Maybe that's a little bit over the top. Nothing can be quite so bad if it's accompanied by enough warm electric guitars, tasteful drumming, and a bit of mandolin. Scaling back from the heavy and aggressive rock espoused by his previous bands — Arms Against a Sea; Man, the Reformer; Black Firs — the serial frontman has here put together a much more organic sound for his solo debut, drawing on the likes of the Decemberists and the stringband revival to create a winsome, melancholy album that doesn't forget to be catchy and rock out every once in a while.

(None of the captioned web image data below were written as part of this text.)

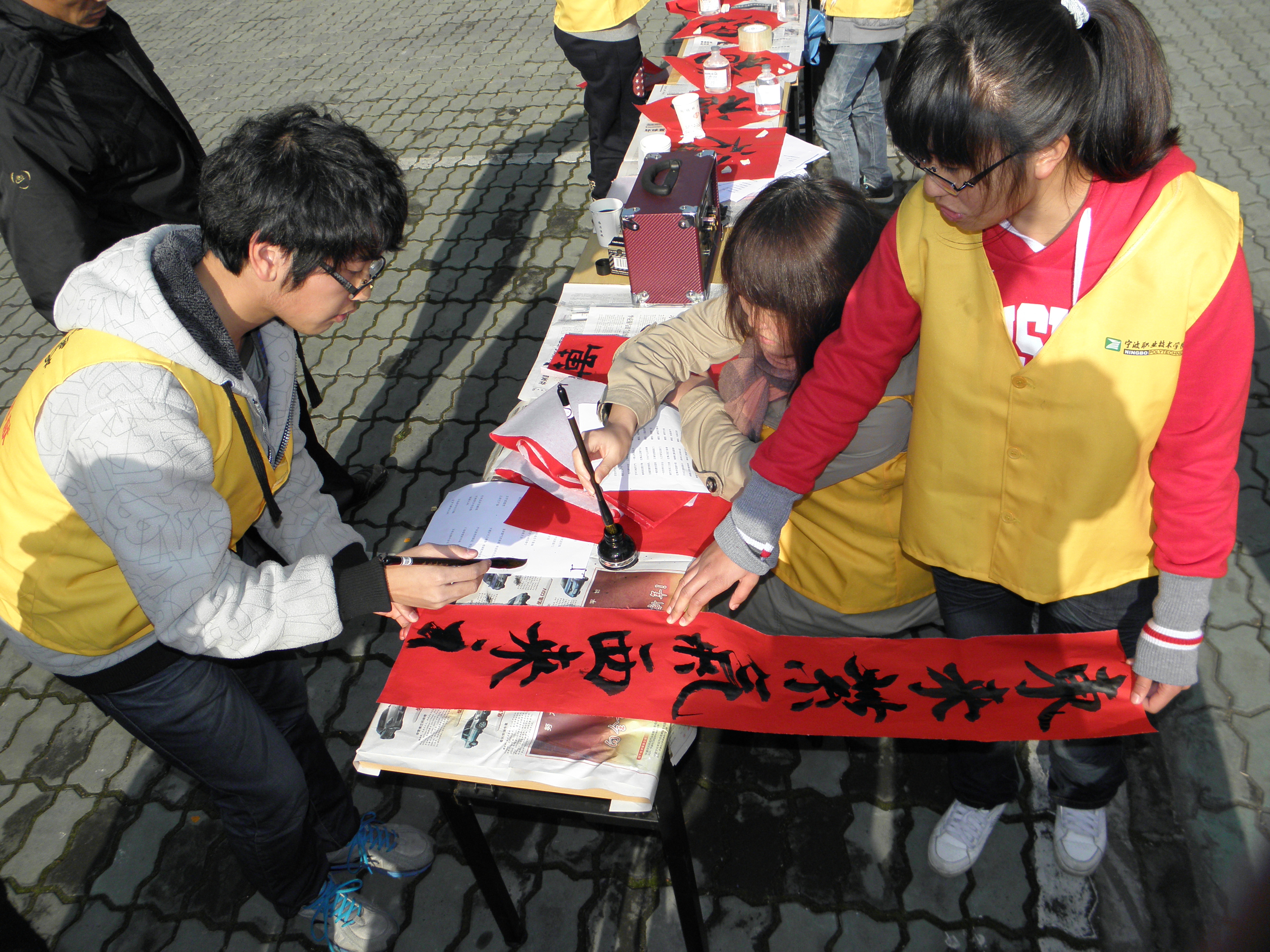 图为:电子系志愿者正在挥墨送福 图为:电子系志愿者正在挥墨送福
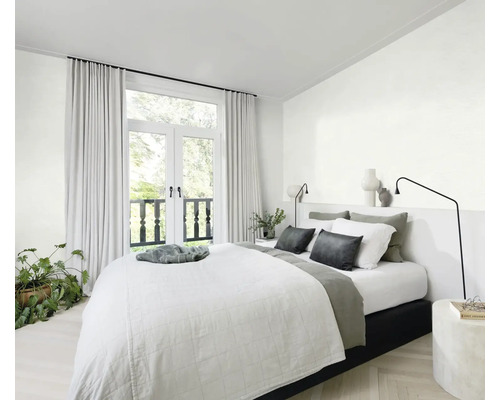 Helles Schlafzimmer mit Bett, Nachttisch, Lampe, Vorhängen und Zimmerpflanze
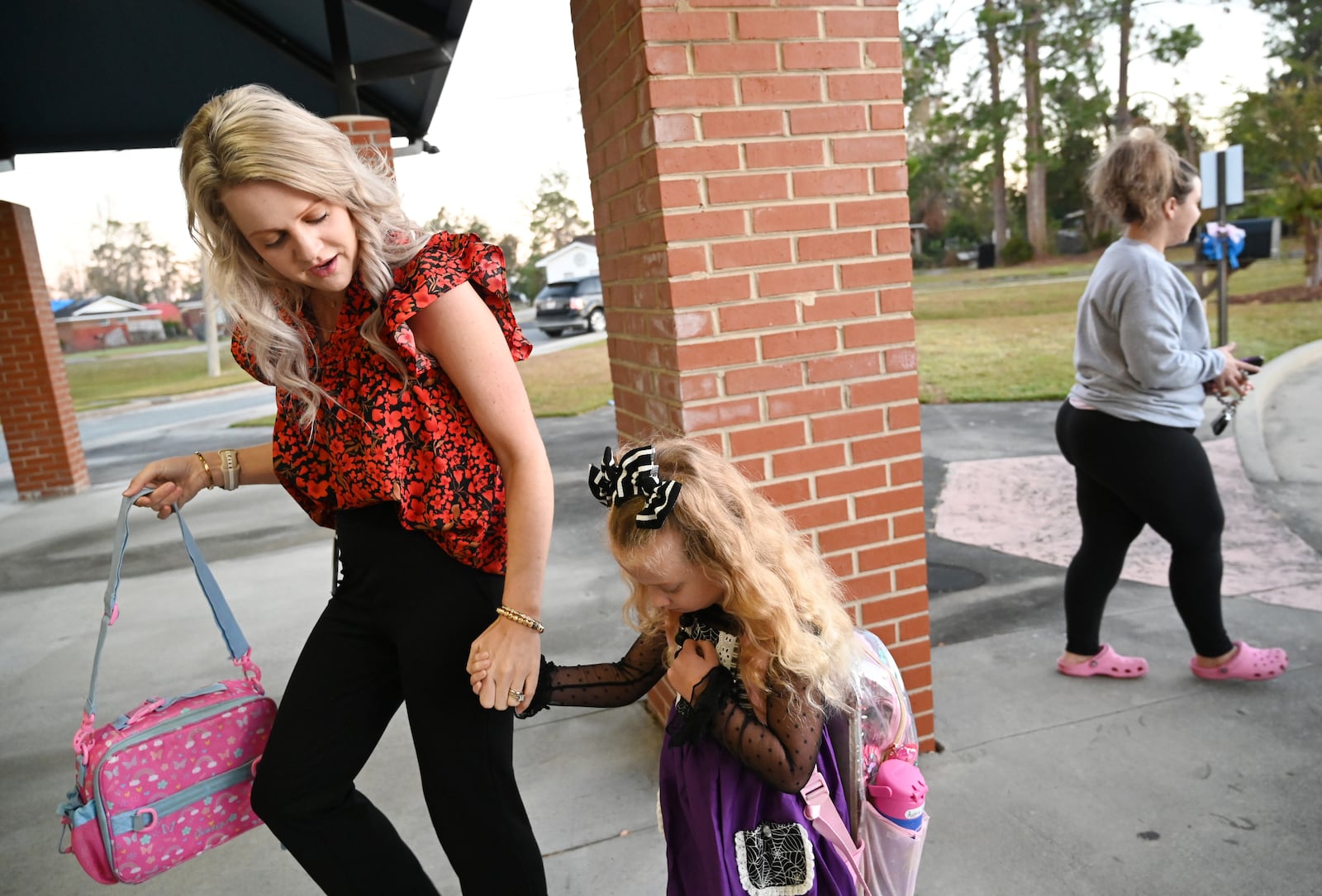 Principal Shelly McBride (left) welcomes Audrie Sharpe, 5, as her mother, Kenlie Sharpe (right), drops her off on Oct. 21 at Jeff Davis Primary School in Hazelhurst. Students returned for the first time since Hurricane Helene devastated much of South Georgia. (Hyosub Shin/AJC)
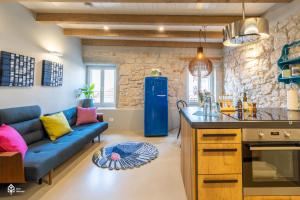 salon z niebieską kanapą i kuchnią w obiekcie Casa Amando Eco Boutique House w Rovinj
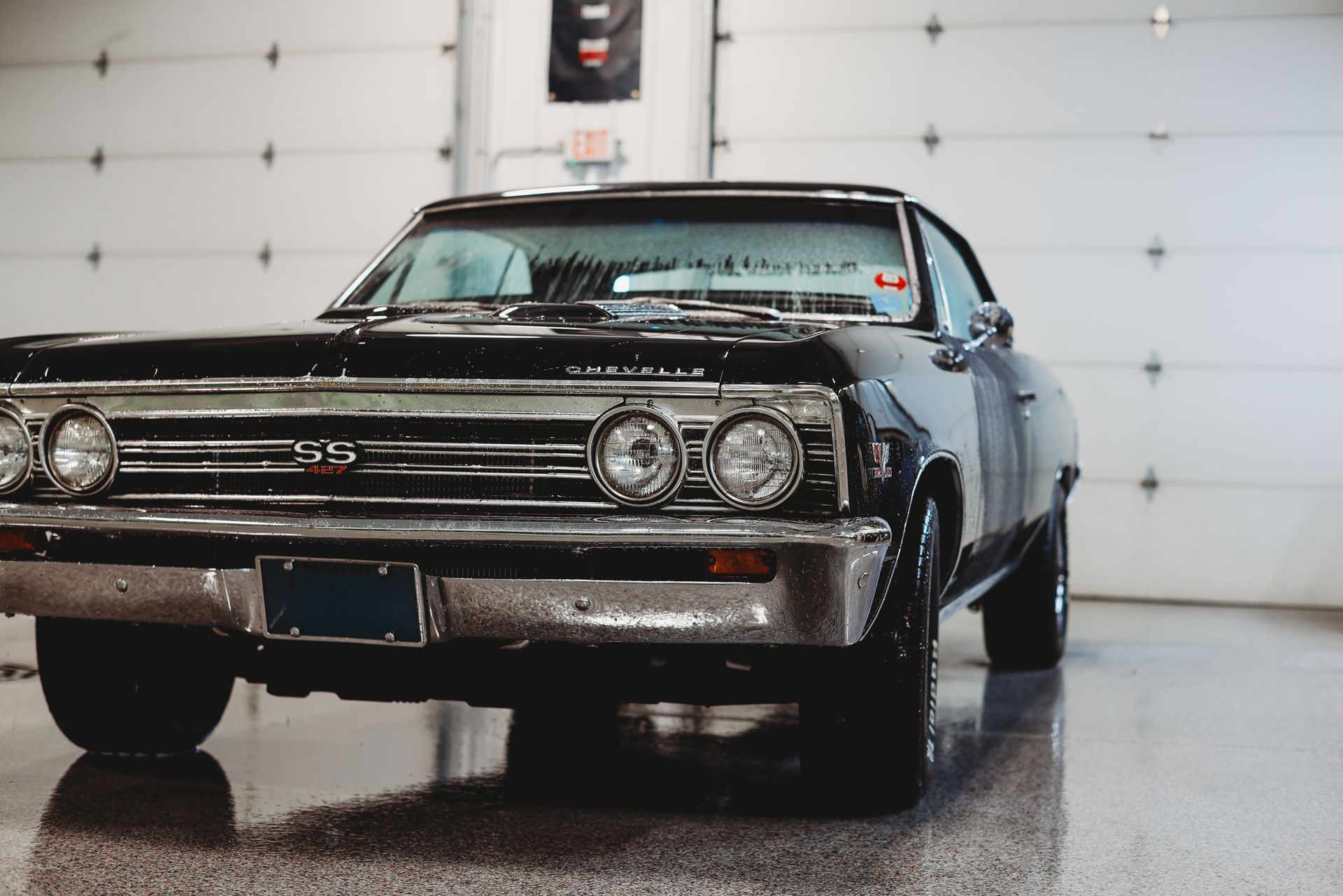 Classic black vintage car parked indoors in a garage, front view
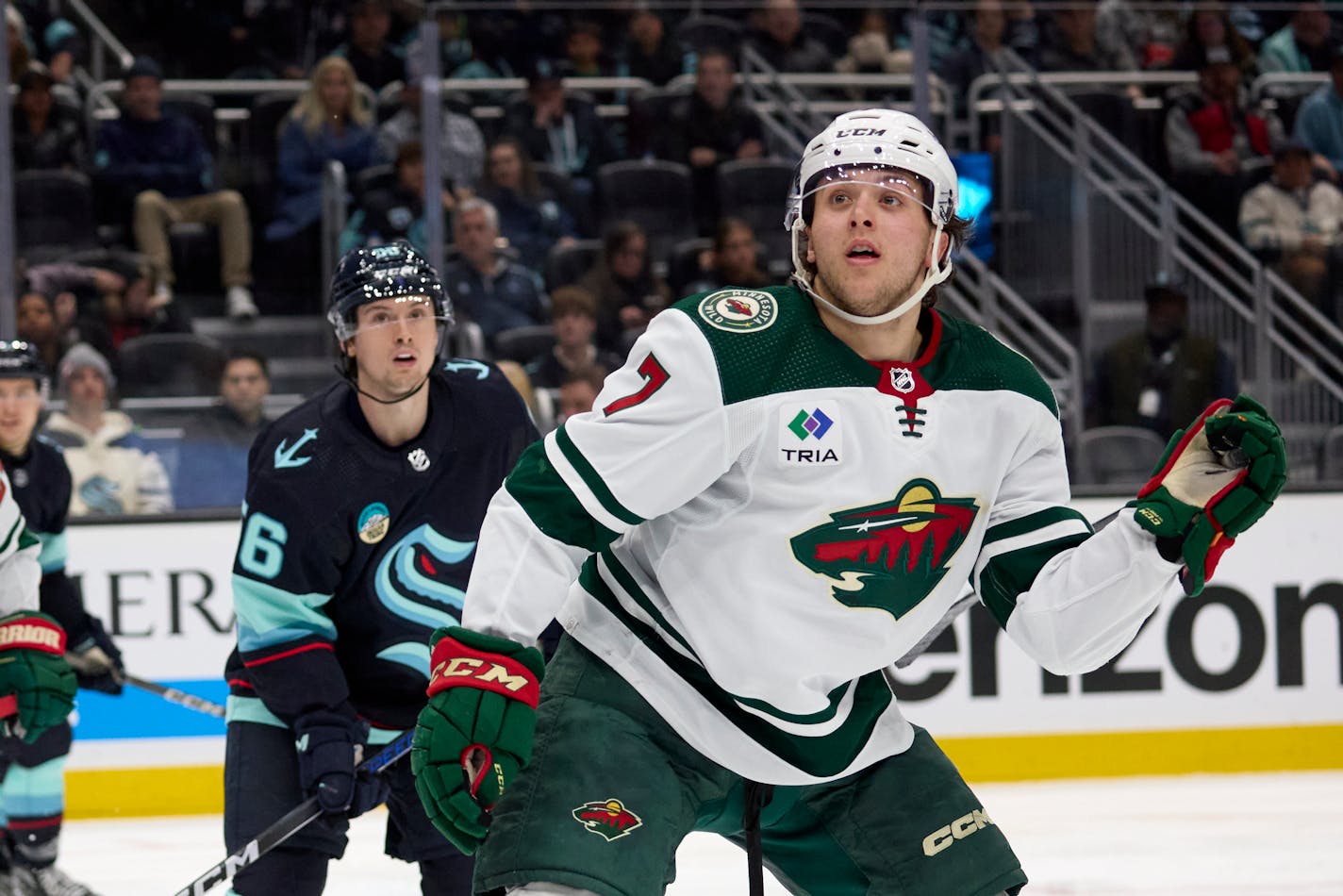 Minnesota Wild defenseman Brock Faber (7) and Seattle Kraken right wing Kailer Yamamoto (56) look to the stands to see where a puck landed during the third period of an NHL hockey game, Sunday, Dec. 10, 2023, in Seattle. The Wild won 3-0. (AP Photo/John Froschauer)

It's a course in catharsis. Should you want to open a vein along with him, there's a lot of fun to be had here. When the electric guitar enters "Thoughtful," it's like he got Wilco's Nels Cline to chime in, with a piercing and subtle solo that metes out notes like there's a shortage. "Sometimes it feels like you have to sell your soul to make it in this town," Saucier sings in his emotive tenor, and you surely don't have to be a musician to sympathize.
Nor, though, do you have to periodically worry you're "a soulless motherfucker who doesn't know his head from his ass," as Saucier does in "The Fire, the Trip, the End," to enjoy a rapid country shuffle, with two lines of mandolin dancing in and out of each other in each channel. The drums have a muted pop to them, sitting underneath the acoustic instruments and propping them up.
"Carousel Horse" is more restrained, with a thrumming bass underneath a particularly nice opening of acoustic guitar strum. Later, though, there's a manic lead that enters as though to mimic our protagonist's anxiety: "I'm holding out my heart/Just to watch it fall apart." A keyboard part is layered into the background like a glimmer of hope.
And if it were all sad-sack, it might get old before 45 minutes is up, but the scolding "You'll Ruin Yourself Like That" keeps thing feisty, with the album's single best vocal hook and a danceable bounce. "It hurts less to sing along," we're assured. There's a little bit of vaudeville to it, even, like Saucier has to play a part to get himself this puffed up for the mocking "la-da-da" chorus and the "talk, talk, talk" repeating phrases. The vocal echo he layers in for the bridge has all the confidence in the world, though, and this is a song you can listen to a number of times and still keep pulling out new favorite parts.